CONTEMPLATION OF ACTION

 

destruction-grid

[image: R. Alkadhi]


Amid loose gravel and stray shoes, stains and rubbish, Action sees a grid parsing an Iraq in miniature. Within that microcosm, people wander around as if in a daze, pointing, staring, contemplating in silent disbelief. Action observes these miniature people, some of whom may in turn bend down to study the atrocities on the ground below them. – Rheim Alkadhi, Contemplation of Action

& memories pried from decades-old shellac give rise to an equally real & mythopoetic Baghdad as the one Rheim documents

[audio:Kementchedji_Alecco_Taqsim.mp3]

Kementchedji Alecco – Taqsim

from Give Me Love: Songs of the Brokenhearted – Baghdad 1925-1929. This article opens a window on this music. In a short time a city can swing from open to closed, from something fluid & made of multiples to occupied, divided, entrenched.
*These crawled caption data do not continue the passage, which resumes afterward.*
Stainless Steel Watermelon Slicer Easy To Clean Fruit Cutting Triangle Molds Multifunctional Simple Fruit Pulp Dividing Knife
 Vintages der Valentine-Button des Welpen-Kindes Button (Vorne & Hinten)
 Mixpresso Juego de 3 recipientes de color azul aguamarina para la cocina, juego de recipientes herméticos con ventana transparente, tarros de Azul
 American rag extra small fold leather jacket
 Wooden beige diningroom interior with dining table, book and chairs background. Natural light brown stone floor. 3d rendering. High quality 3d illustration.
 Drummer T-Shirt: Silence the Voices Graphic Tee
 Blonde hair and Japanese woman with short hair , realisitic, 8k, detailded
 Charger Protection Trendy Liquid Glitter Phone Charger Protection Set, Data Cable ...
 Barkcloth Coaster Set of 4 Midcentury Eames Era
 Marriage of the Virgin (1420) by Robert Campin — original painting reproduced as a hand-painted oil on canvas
What awaits us?

bagdad

edit: Rheim just directed my attention towards this excellent post, which has more Iraqi shellac and explains why the Honest Jon’s comp sounds so good:
“For those who are wondering, 78rpm masters have shockingly less surface noise than the final product, the mass-produced gramophone record copy of the master, which often contained loads of garbage, or filler, along with the shellac – Paramount Records used sand and cement in their mix, for instance, making virtually all of their records sound like crap. . . Very few companies exist which still have accessible masters or clean file copies of their original 78s, much less are willing to work with a small label for a release.”

HERE TODAY

tim

“Anything I say here will sound tired, lame and cliched: I’m a loving, caring, empathic person trying to survive in a culture dominated by free market, neo-liberal values, white supremacy, patriarchy and the loathsome cult of individualism. My ‘academic’ work is *never* unconnected to my passions, desires, and ambitions for radical social justice. Black Studies is a calling to me, as strong as some folks’ religious fervour, and without music, my life would be a mistake.” – Tim Haslett

We crossed paths infrequently, but everytime i bumped into Tim he would gently tip new ideas (or new music) into my head.

Somebody play this tune for him for me next Monday. We were emailing each other in amazement when it got released, gun clack and heartbeat, the reality of pain as awareness of fragility, history samples and silence at the end when the voice drops out.